Paul O’Donovan and Fintan McCarthy (above) stepped into the arena for the first time this season as a crew at the World Cup in Lucerne. Switzerland and Italy, the two lightweight doubles which had been fighting it out in their absence (McCarthy could not compete at the European Championships) fully intended to show them that they had moved on. And so it proved: in the final, Italy’s Gabriel Soares and Stefano Otto led out and held out to take gold as Ireland and Switzerland closed on them after their own thrilling battle, which was won by Raphael Ahumada Ireland and Jan Schaeuble.

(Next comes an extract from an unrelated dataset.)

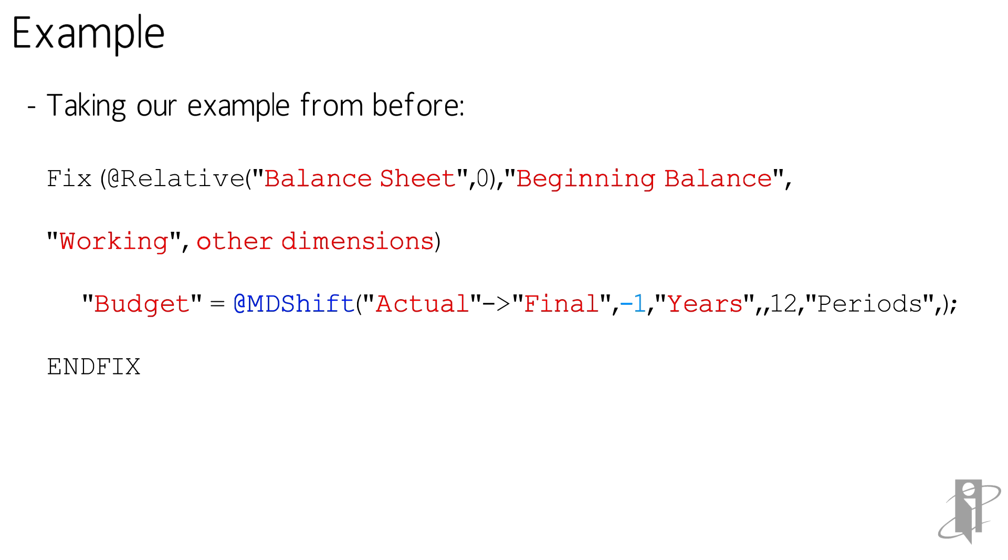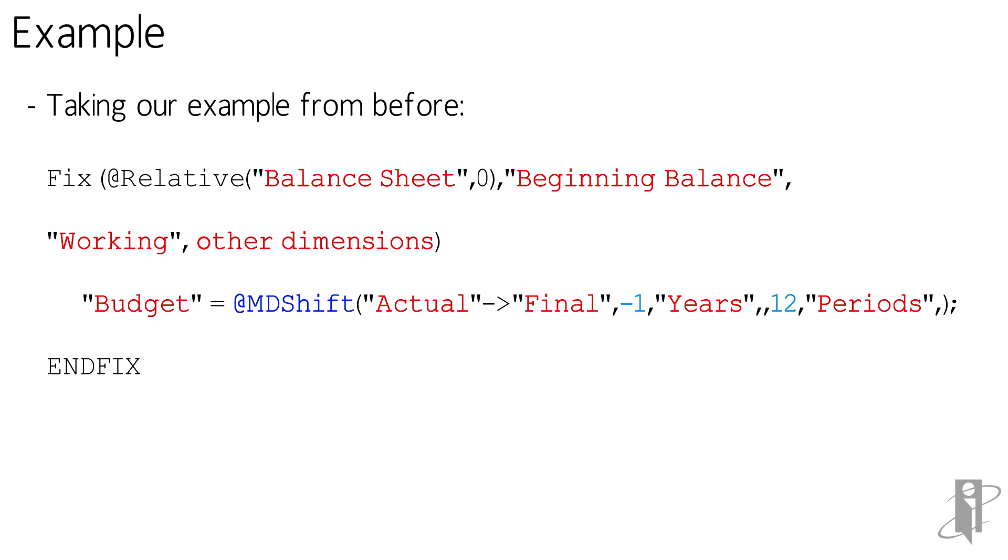Now for the periods, because the fix is starting on beginning balance, I really want that to be December. Now in my outline, I have beginning balance and then the 12 periods are all level zero members as well. So if I shift forward 12 periods, I'm going to get the December balance. I can't shift backward because there's nothing before beginning balance and it really won't give me back anything. So I'm going to shift forward the 12 periods. So 12 periods. And again, I'm doing level zero members. So I don't need a range in here.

Ireland’s women’s pair added a second bronze on the Sunday to the gold won on Saturday by Siobhán McCrohan and the silver taken by Tiarnán O’Donnell.

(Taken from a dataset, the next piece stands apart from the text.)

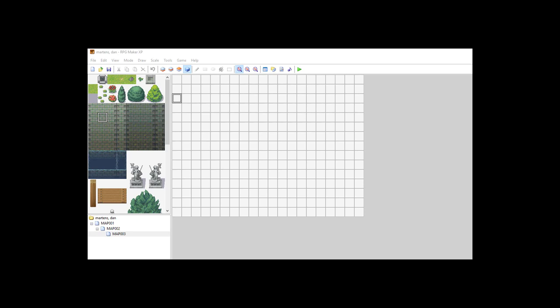Hey, welcome back. In this lesson I'm going to answer a couple of questions you might have about tilesets.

Fiona Murtagh and Aifric Keogh (below) are in the top three women’s pairs competing at the moment. Their problem – and they will see it as one to be solved – is that the Netherlands and Australia are a bit better.
The Dutch had a splendid regatta and the women’s pair are the reigning world champions. Despite a start where they had some steering difficulties, Ymke Clevering and Veronique Meester  took control and won. The Australians harried them but could not truly trouble this outstanding crew. Keogh and Murtagh did not row well in the second quarter and came under pressure from Greece for third. A good second half of the race saw them break clear of the Greeks but they could not catch the top two.
The Ireland women’s double of Zoe Hyde and Alison Bergin had a middle lane in their A Final, gained because of a win in the semi-final. But the United States and Australia ruled the roost in the medal race and took gold and silver. Norway held off Ireland for the bronze.
Ross Corrigan and John Kearney rowed out of lane one in the men’s pair and were on the edges of the action in their final. Britain won from fast finishers Spain, with Switzerland just holding third. The new Ireland combination (Kearney comes in for Nathan Timoney) finished sixth.
Aoife Casey and Margaret Cremen took fifth in their final of the lightweight double. Britain won convincingly from New Zealand and the United States, who also had a fine regatta.
The under-23 men’s double won the B Final to finish seventh overall. Brian Colsh and Andrew Sheehan beat Cuba in the two-boat race.